David Rokeach is an American drummer.

== Career ==
He has been working primarily in the San Francisco and Los Angeles areas for more than 30 years. Rokeach toured nationally and internationally with Ray Charles from 1990 to 1991. This included concert videos and many television appearances, including an appearance on The Tonight Show Starring Johnny Carson and the Doc Severinsen Orchestra. In recent years he has performed/recorded with Patti LaBelle, Aaron Neville, Mavis Staples, Lou Rawls, Dr. John, Joe Henderson, Mark Murphy, Charlie Musselwhite, The George Brooks-Zakir Hussain Group, Wilson Pickett, Linda Tillery, Steve Miller, Joe Satriani, Taj Mahal, Big Brother and the Holding Company, Joyce Cooling, Maria Muldaur, Calvin Keys, Barry Finnerty, Merl Saunders, David Grisman, Melvin Seals, The Rubinoos, The Family Stone Experience, Louis Bellson, Wayne Wallace, The Nelson Riddle Orchestra, The San Francisco Symphony, The Atlanta Symphony Orchestra, The Baltimore Symphony Orchestra, The Dallas Symphony Orchestra, Paula West, Marcos Silva, Alison Brown, Ernestine Anderson, Oscar Brown Jr., Ingrid Jensen, Maria Schneider, the composer and pianist Brian Kelly, plus Rita Moreno.

Starting in 1998, Rokeach played with Aretha Franklin. In addition to live concerts, this included television appearances on The Rosie O'Donnell Show, The View, Good Morning America, and VH1's Divas Live 1998, where he also performed with Mariah Carey, Celine Dion, Gloria Estefan, Shania Twain, and Carole King for the show's finale.
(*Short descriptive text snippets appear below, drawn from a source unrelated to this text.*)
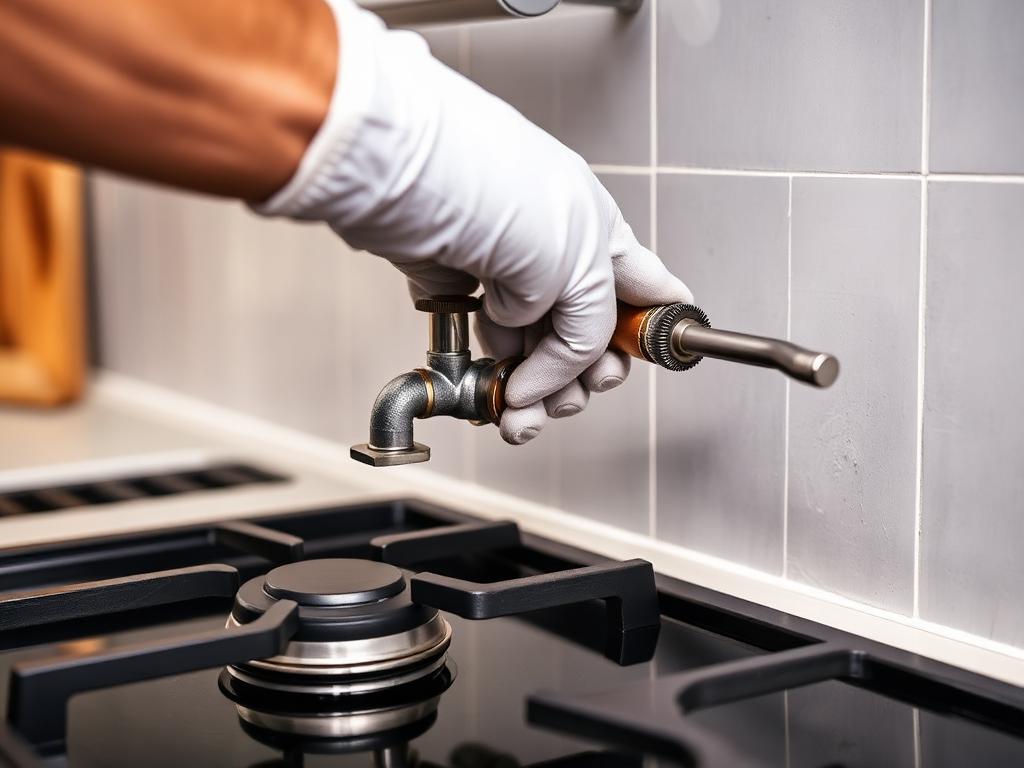 Gas Repairs service in Melbourne by J.O. Plumbing
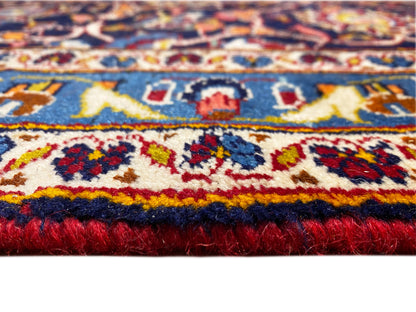 Keshan - Red (400x288 cm)
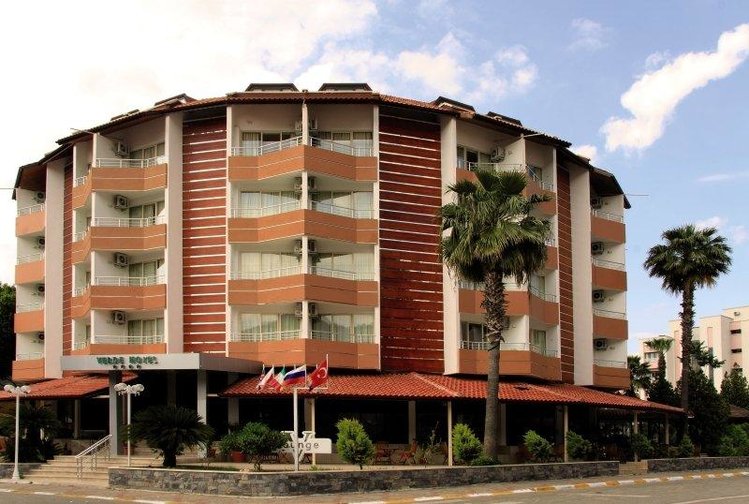 Zájezd Verde Hotel *** - Egejská riviéra - od Hisarönü po Seferihisar / Marmaris - Záběry místa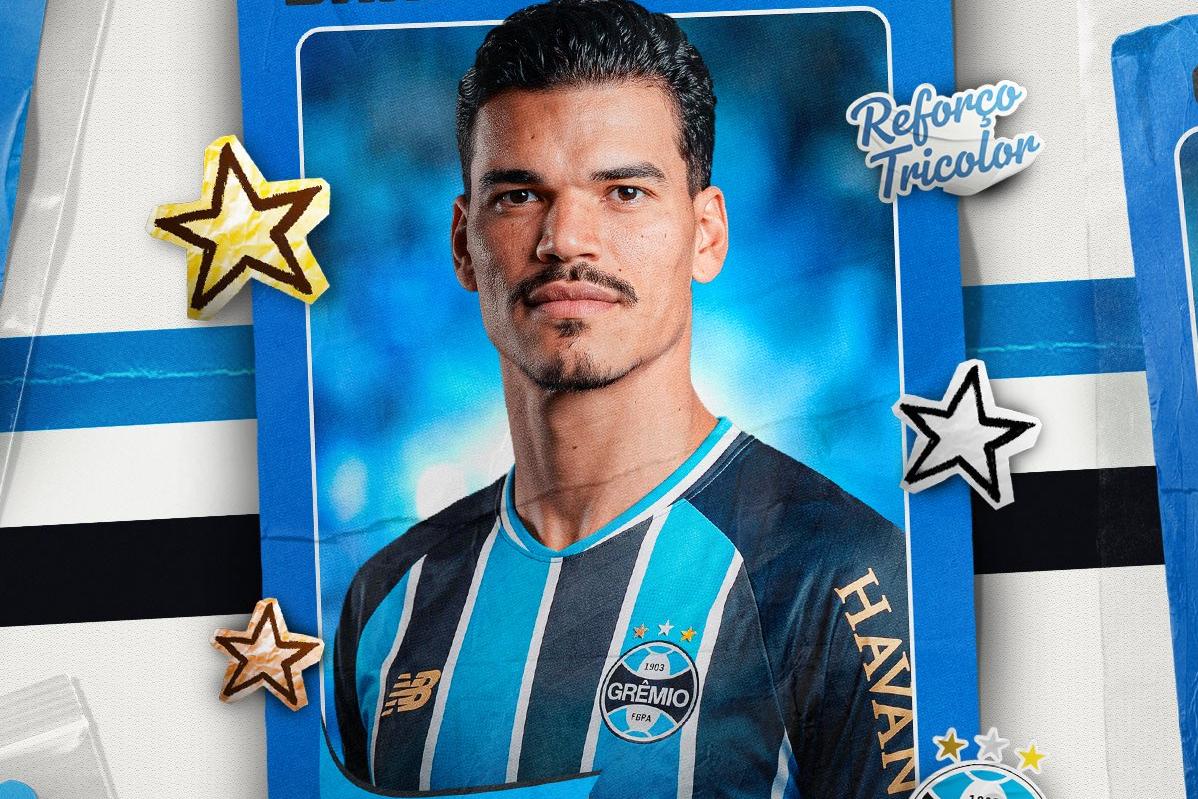 Danilo Barbosa no Grêmio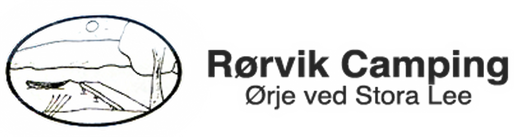 Logo, Rørvik Camping v/Anne og Tor Harald Rørvik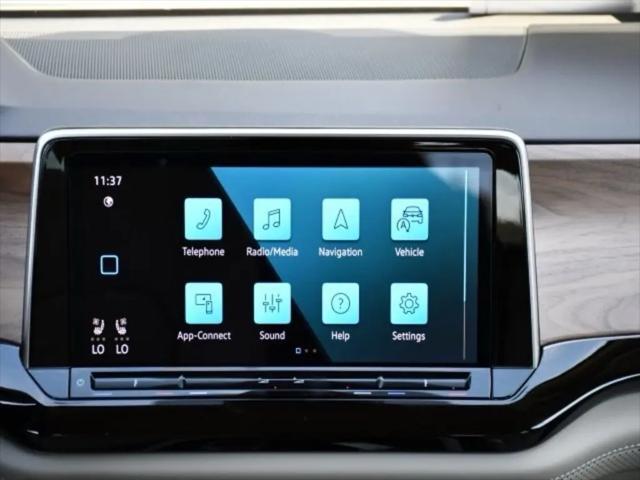 2026 Volkswagen Atlas SE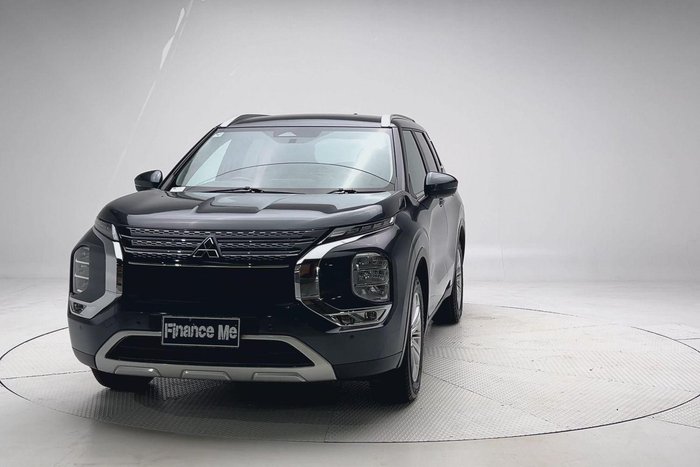 2024 Mitsubishi Outlander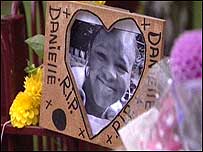 Photo of Danielle Beccan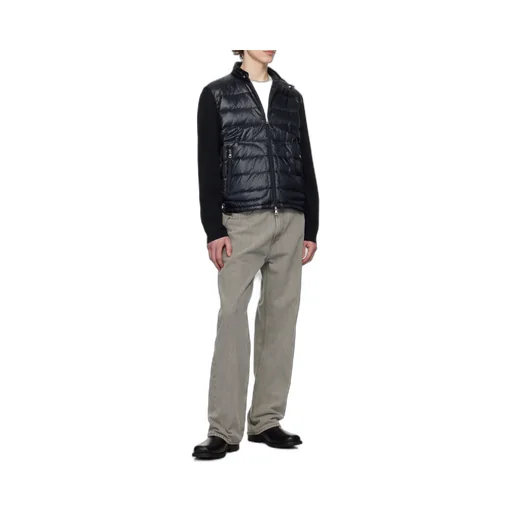 Moncler Tricot Padded Cardigan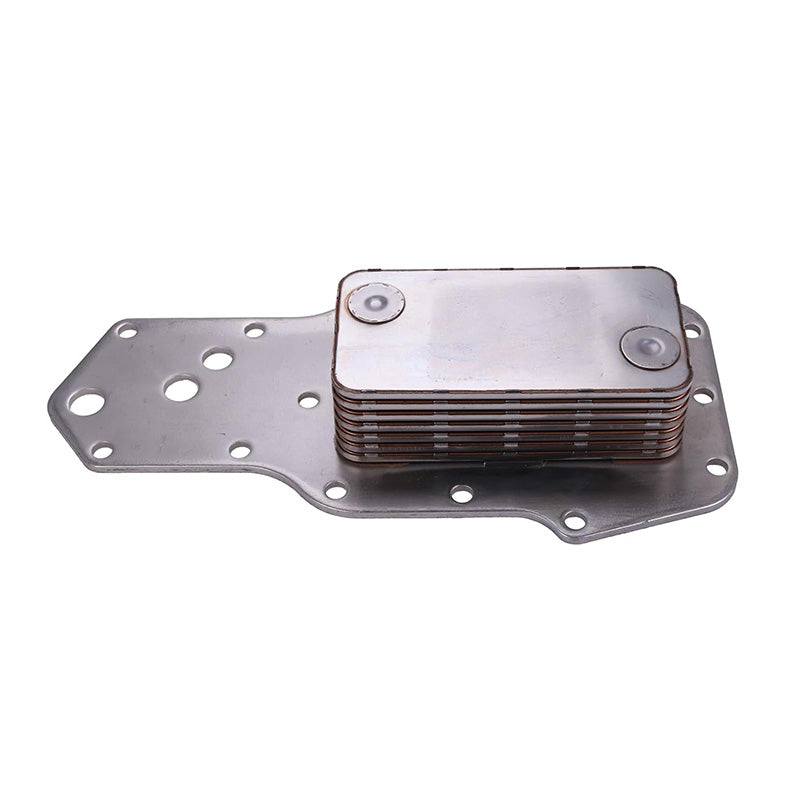 Oil Cooler 3921558 3957544 for Cummins Engine 4B3.9 6B5.9 6C8.3 B5.9 G5.9 ISB ISB5.9 ISBE4 ISC8.3 QSB5.9 QSB6.7 QSC8.3 Dodge 5.9L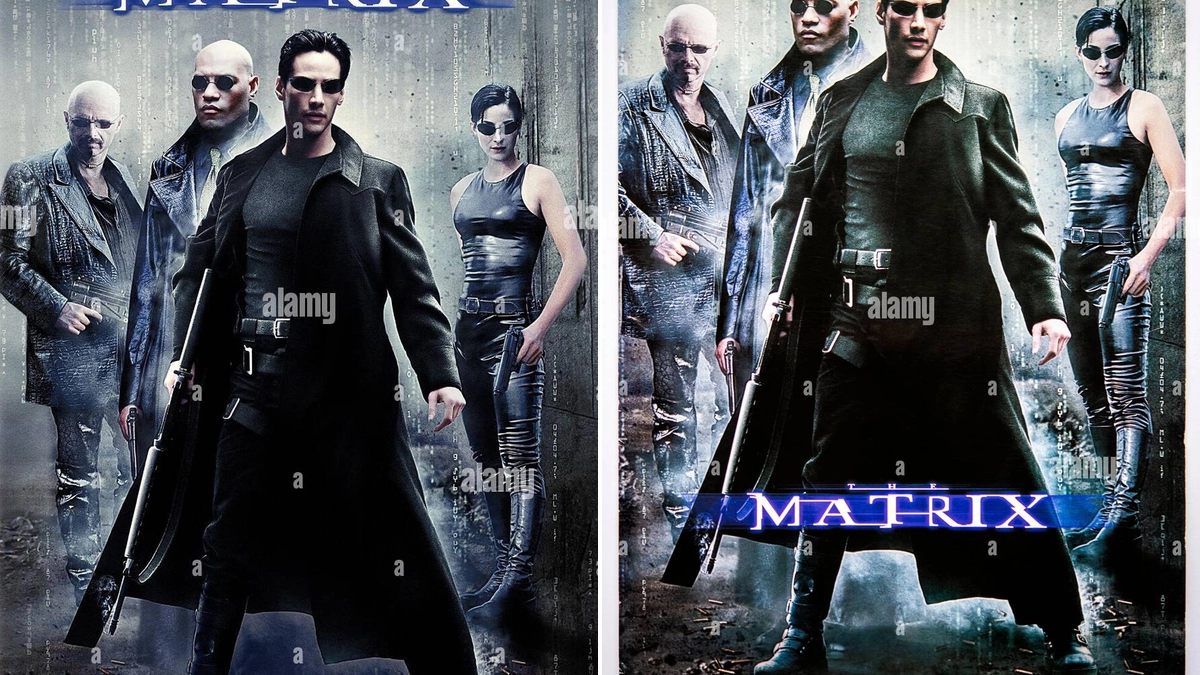The Matrix One: Biểu tượng sống sang tại phía Tây Hà Nội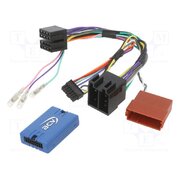 42SVX005-0 Adapter for control from steering wheel; Opel 6r0h1xo5x3FlAIEJ9DmM8gB0R1hwm9U3pR04LG3oyas
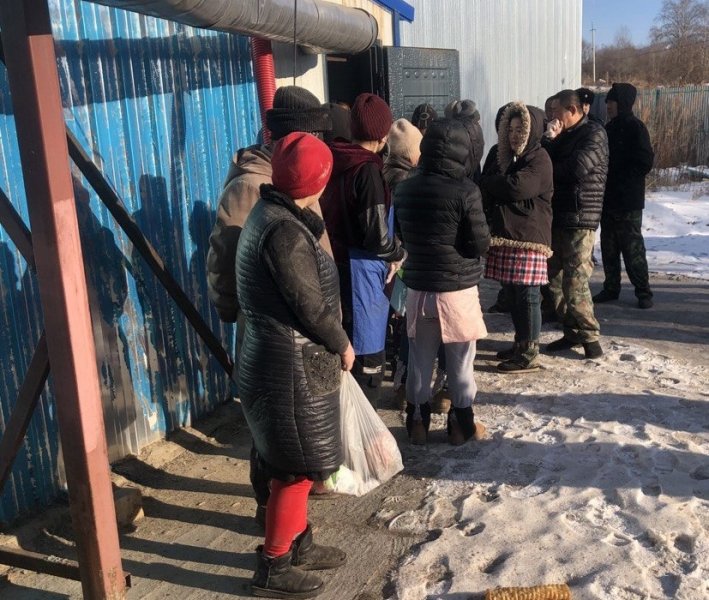 В Арсеньеве Приморского края полиция обнаружила нарушителей миграционного законодательства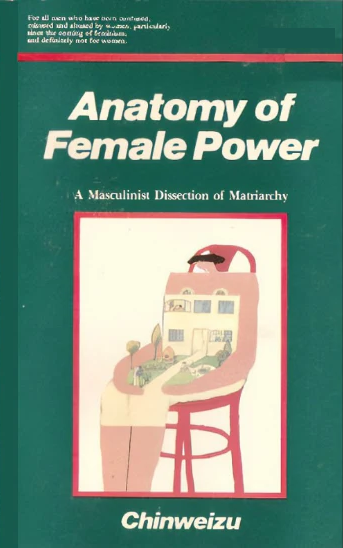 ANATOMY OF FEMALE POWER
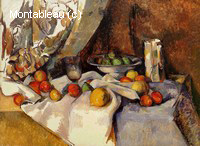 Still Life with Apples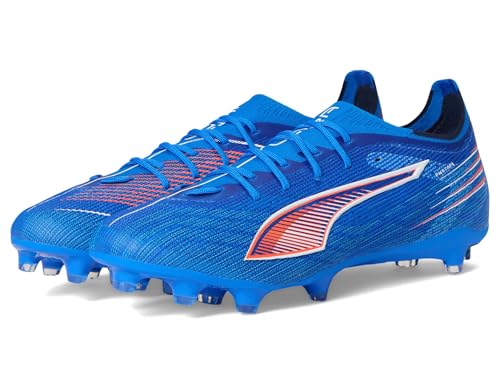 PUMA Mens Ultra 6 Pro FirmArtificial Ground Soccer Cleats - Blue - Size 9.5 M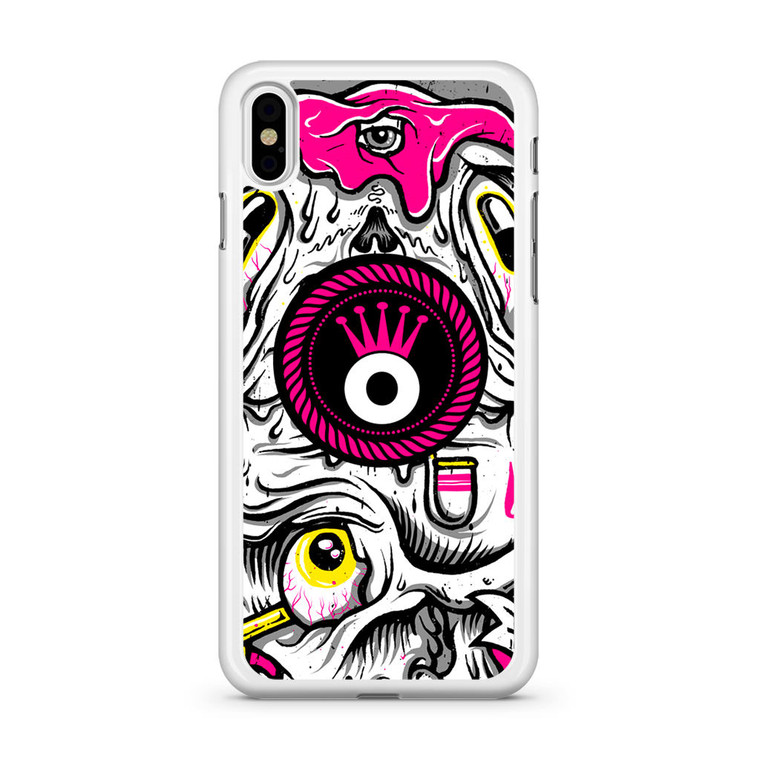 Anyforty 2 iPhone X Case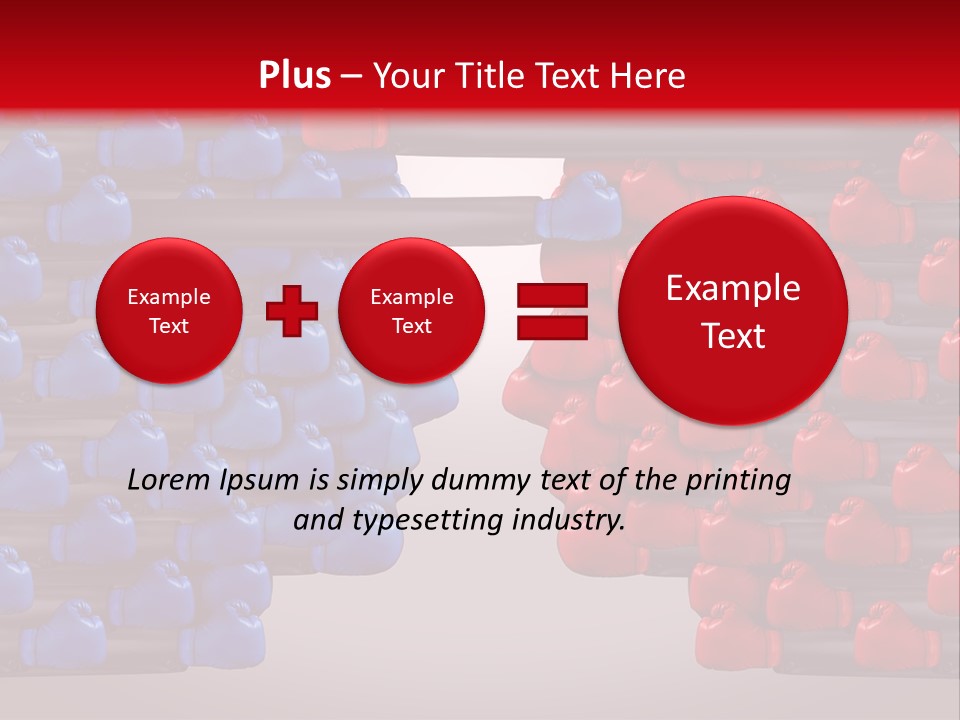 Sand Sunrise Elderly PowerPoint Template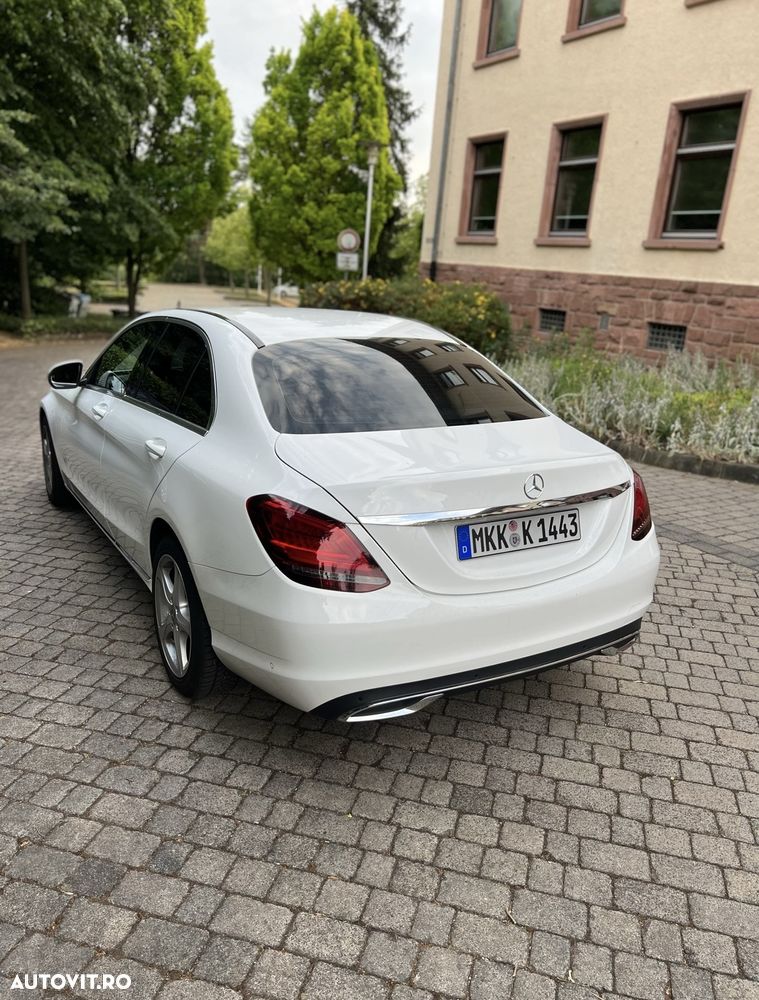 Mercedes-Benz C 220 d 9G-TRONIC - 3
For the past few years, Rokeach has been working with Bay Area composer Joel Evans. Their recordings have appeared in numerous motion pictures and television shows, including Universal's For the Love of the Game, Paramount's What Women Want, Showtime's Seventeen Again, Fox's Say It Isn't So, The Young and the Restless, All My Children, Nash Bridges, The District, The X-Files, Sex and the City, Frasier, The Osbournes, Desperate Housewives, The West Wing, The O.C., LA Doctors, The Chris Isaak Show, among others.

Rokeach currently teaches at Stanford University, and has also been a faculty member at the Stanford Jazz Workshop and at the Rhythmic Concepts Jazz Camp West. Recently he played the Broadway shows Jersey Boys (with three different companies), Les Misérables, Ragtime, and the Janis Joplin show Love, Janis during their San Francisco runs. He has played the Broadway show It Ain't Nothin' but the Blues at Theaterworks in Palo Alto.